The companies behind extramarital-affairs website Ashley Madison are facing a new lawsuit in response to a hack that released information of about 39 million users.
Charney Lawyers and Sutts, Strosberg LLP – two Canadian law firms – filed a $578 million class-action suit Thursday against Toronto-based Avid Dating Life and Avid Life Media on behalf of Canadians whose personal data was compromised during the breach, The Associated Press reported.
“The sensitivity of the information is so extreme and the repercussions of this breach are so extreme, it puts the damages faced by members in a completely different category of class-action suits," lawyer Ted Charney told the wire service.
While many of the names and email addresses posted in the data dump appear to be false, the leak exposed everything from credit card information and geolocation data to security questions for recovering lost passwords, according to The Christian Science Monitor.

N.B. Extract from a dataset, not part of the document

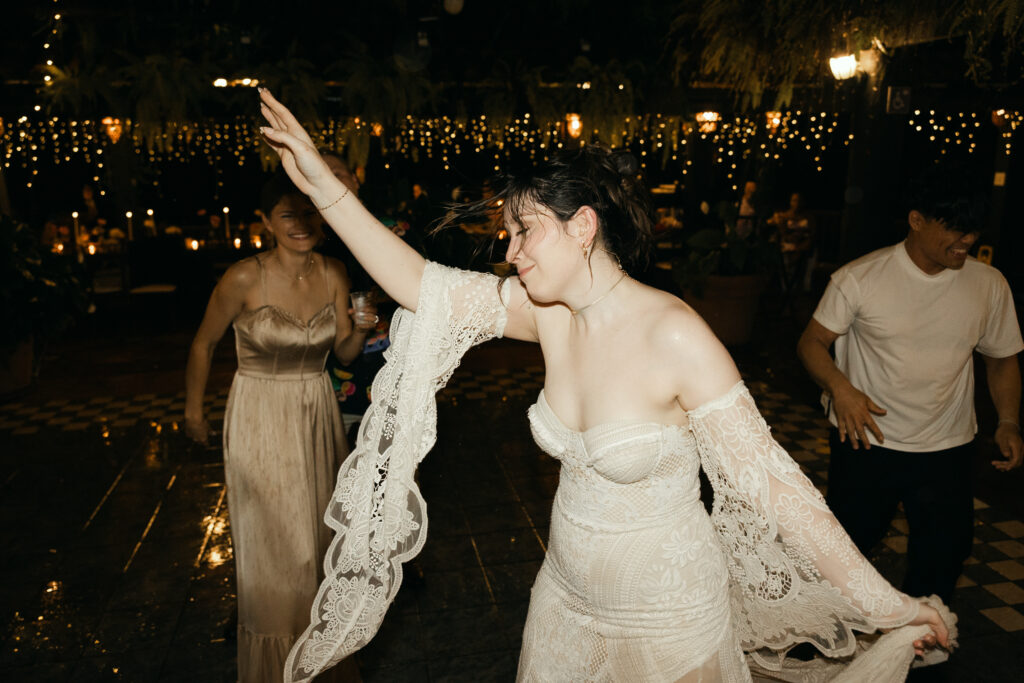Late night dancing in the warm tropical rain on their wedding day in puerto rico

The dump – which involved data linked to government officials, military personnel, top-level executives, and civil servants, among others – has since raised critical questions about the security of servers used by both government agencies and corporations as well as users’ privacy rights.
“The Ashley Madison leak is about a lot more than the public shaming of philanderers. Above all, it’s about Internet privacy,” wrote The Washington Post's Michael E. Miller, noting that journalists, security experts, and others have noted that there were 15,000 .mil or .gov email addresses among those used for the site.
As John Herman wrote for The Awl:
We associate the cost of hacks mostly with identity theft and financial loss, from which most victims are pretty well insulated. You may know someone affected by that hack, but the resulting damages were likely mostly absorbed by their bank or credit card company.
This, on the other hand, is basically unprecedented....This is new territory in terms of personal cost.
The Impact Crew, the hacking group behind the breach, appeared to have aimed at maximizing damage to the company, based on a statement it released alongside the data dump: “It was [Avid Life Media] that failed you and lied to you. Prosecute them and claim damages. Then move on with your life. Learn your lesson and make amends. Embarrassing now, but you'll get over it."